Workaround that I found was this:

 FROM flink:1.17.0    

# install python3 and pip3
RUN apt-get update -y && \
    apt-get install -y python3 python3-pip python3-dev \
    openjdk-11-jdk-headless \
    && rm -rf /var/lib/apt/lists/* 

RUN ln -s /usr/bin/python3 /usr/bin/python

RUN wget https://repo.maven.apache.org/maven2/org/apache/flink/flink-sql-connector-kafka/1.17.0/flink-sql-connector-kafka-1.17.0.jar && wget https://repo.maven.apache.org/maven2/org/apache/flink/flink-connector-jdbc/3.0.0-1.16/flink-connector-jdbc-3.0.0-1.16.jar && wget https://jdbc.postgresql.org/download/postgresql-42.6.0.jar

RUN echo "metrics.reporters: prom" >> "$FLINK_HOME/conf/flink-conf.yaml"; \
    echo "metrics.reporter.prom.factory.class: org.apache.flink.metrics.prometheus.PrometheusReporterFactory" >> "$FLINK_HOME/conf/flink-conf.yaml"
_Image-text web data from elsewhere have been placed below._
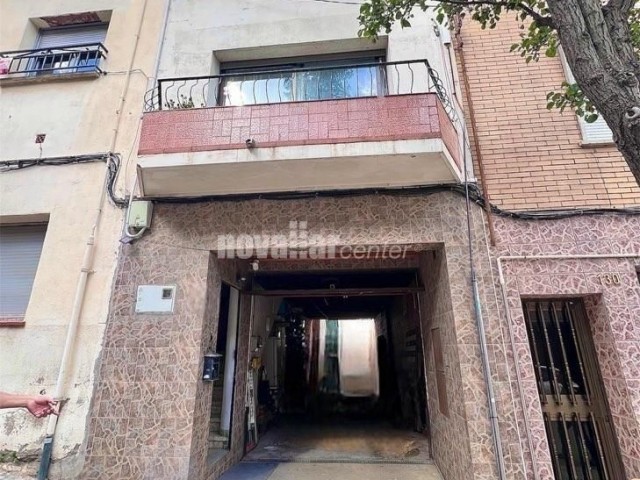 CASA CON GARAJE, 4 HABITACIONES Y TERRAZAS. CERCA DEL CENTRO Y SALIDA AUTOPISTA.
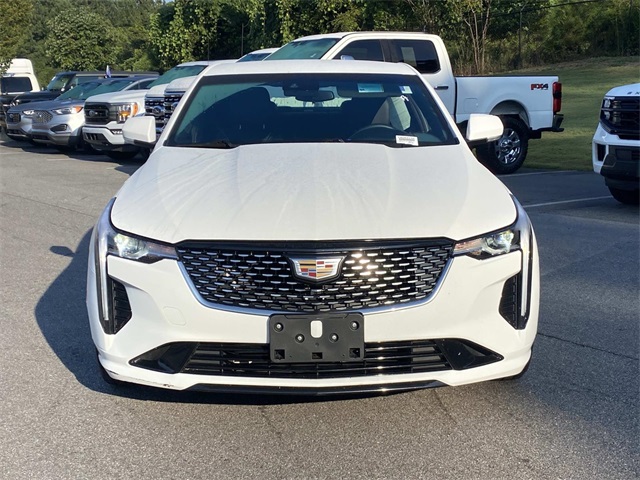 2024 Cadillac CT4 Luxury photo 8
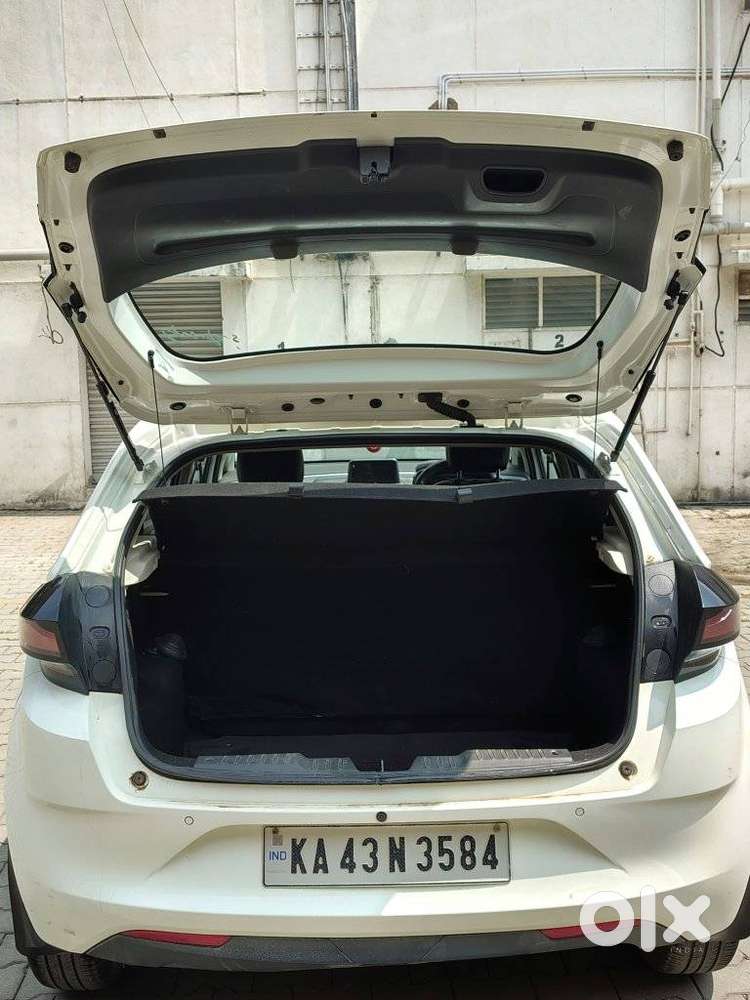 Tata Altroz 1.2 Xm Plus, 2023, Petrol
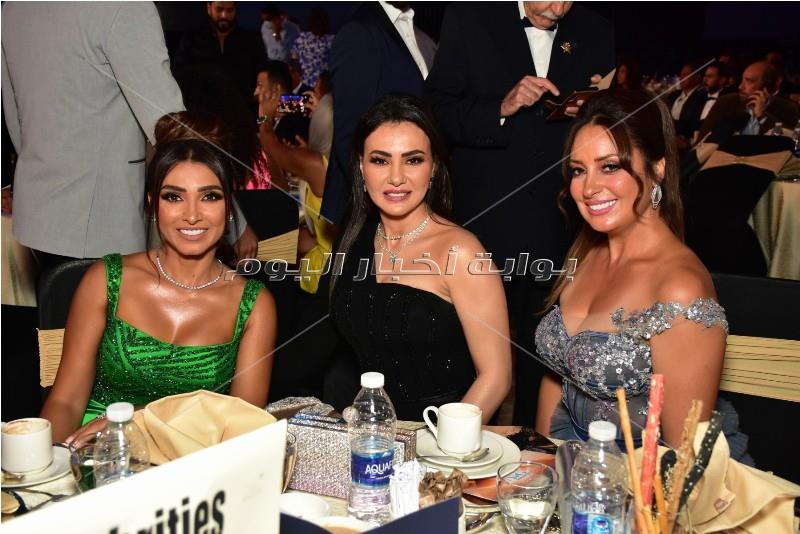 حضور عدد كبير من النجوم في مهرجان الدير جيست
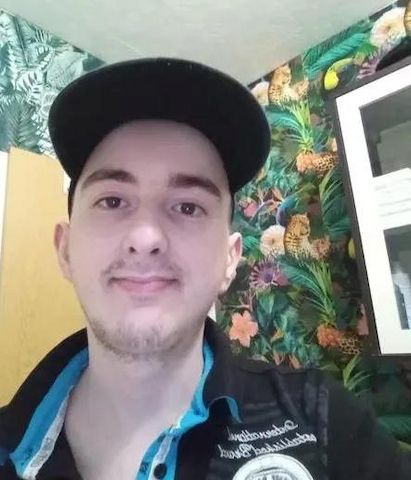 M (27) Jungfrau (Ich) sucht Frau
# Installing OpenJDK again & setting this is required due to a bug with M1 Macs
ENV JAVA_HOME=/usr/lib/jvm/java-11-openjdk-arm64

COPY requirements.txt /opt/flink/

# # Install py dependencies
RUN pip install --no-cache-dir -r /opt/flink/requirements.txt    

I went through few stackoverflow questions and finally I found this QnA relevant to this issue.

There were 2 changes in the dockerfile

  1. Installing openjdk-11-jdk-servless library
  2. Defining env JAVA_HOME to /usr/lib/jvm/java-11-openjdk-arm64

I am doing further research to find the root of the problems. At initial glance, it seems the openjdk having an issue with Arm64 architecture and required a specific version in order to work with apache-flink

ShubhamShaswat commented 7 months ago

once this issue is resolved. You would face error:

sqlalchemy.exc.OperationalError: (psycopg2.OperationalError) SCRAM authentication requires libpq version 10 or above

This can be easily fixed by updating psycopg2-binary==2.9.3 to psycopg2-binary==2.9.6 in container/datagen/Dockerfile

This issue again related to Arm64 architeture.

josephmachado commented 7 months ago

Thank you @ShubhamShaswat for the detailed resolution! I'll try this and check if build work on my local machine and push it if it does!